Word for word, output the data, with none of its pictures.

• [DATA SEGMENT]
BEGIN

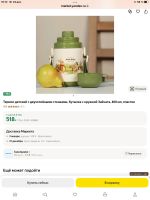 Лот: 24850621. Фото: 3. Термос детский с двухслойными... Домашний быт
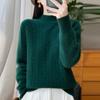 Women's Cashmere Sweater Qinghe Cashmere 30% Cashmere 70% Wool Autumn and Winter Pullover Warm and Fashionable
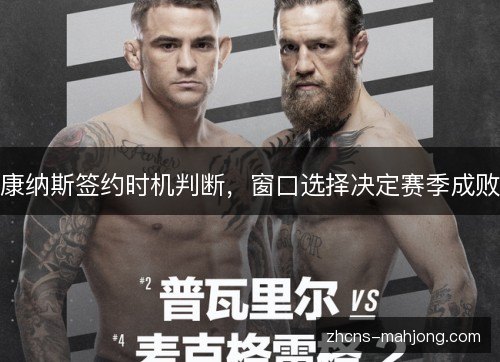 康纳斯签约时机判断，窗口选择决定赛季成败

END

• [TASK ANSWER]
 Лот: 24850621. Фото: 3. Термос детский с двухслойными... Домашний быт
 Women's Cashmere Sweater Qinghe Cashmere 30% Cashmere 70% Wool Autumn and Winter Pullover Warm and Fashionable
 康纳斯签约时机判断，窗口选择决定赛季成败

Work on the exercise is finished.